The Prime Minister said that that each Ministry had a part to play in getting disabled people to participate fully in Cambodian society. He called on them to examine their policies and programmes to ensure that they took into account the specific needs of disabled people. He expected the Ministry of Social Affairs, Labour, Vocational Training and Youth Rehabilitation, the Ministry of Education Youth and Sports and the Ministry of Health to set an example that other ministries could follow.

Ms Mitsuko Horiuchi, ILO Regional Director for Asia and the Pacific, said that disabilities were an occupational disadvantage that could and should be overcome at national level through policy measures, regulations, programmes and services.

The ILO, she noted, had been helping disabled Cambodians through its “Vocational Training for the Alleviation of Poverty” programme and had set up a “Disability Resource Team” with financial support from the government of Japan. Both projects integrate disabled people in mainstream training courses.
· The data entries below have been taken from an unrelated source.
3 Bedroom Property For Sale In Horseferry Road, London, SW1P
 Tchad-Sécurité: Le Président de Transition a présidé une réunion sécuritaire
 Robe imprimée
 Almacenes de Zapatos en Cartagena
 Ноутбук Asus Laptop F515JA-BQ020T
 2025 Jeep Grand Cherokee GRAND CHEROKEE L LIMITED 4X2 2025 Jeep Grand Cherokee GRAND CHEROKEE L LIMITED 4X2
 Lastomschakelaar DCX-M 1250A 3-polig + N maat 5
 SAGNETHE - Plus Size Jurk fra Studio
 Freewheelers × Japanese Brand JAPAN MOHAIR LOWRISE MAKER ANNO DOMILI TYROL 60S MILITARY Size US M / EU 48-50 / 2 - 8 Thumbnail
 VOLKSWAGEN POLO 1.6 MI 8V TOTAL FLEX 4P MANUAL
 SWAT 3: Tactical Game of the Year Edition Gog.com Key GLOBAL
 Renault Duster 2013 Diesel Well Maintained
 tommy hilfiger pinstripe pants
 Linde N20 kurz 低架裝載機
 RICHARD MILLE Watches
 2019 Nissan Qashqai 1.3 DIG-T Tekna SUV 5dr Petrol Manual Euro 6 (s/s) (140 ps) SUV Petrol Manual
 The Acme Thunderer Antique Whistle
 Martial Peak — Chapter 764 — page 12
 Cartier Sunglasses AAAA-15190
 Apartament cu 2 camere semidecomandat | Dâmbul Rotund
She promised that the ILO would continue to support efforts by the Government to make disabled citizens into productive workers.

Also speaking at the opening session were Mr Ith Sam Heng, Minister of Social Affairs, Labour, Vocational Training and Youth Rehabilitation, Mr Yi Veasna, Executive Director of the National Centre for Disabled Persons and Mr Son Song Hak, Director of the Disabled Peoples’ Organization of Cambodia.

The organizers plan specific follow-up measures, to be coordinated by the DAC, to ensure that the ideas and proposals formulated during the seminar actually broaden job opportunities for Cambodia’s disabled.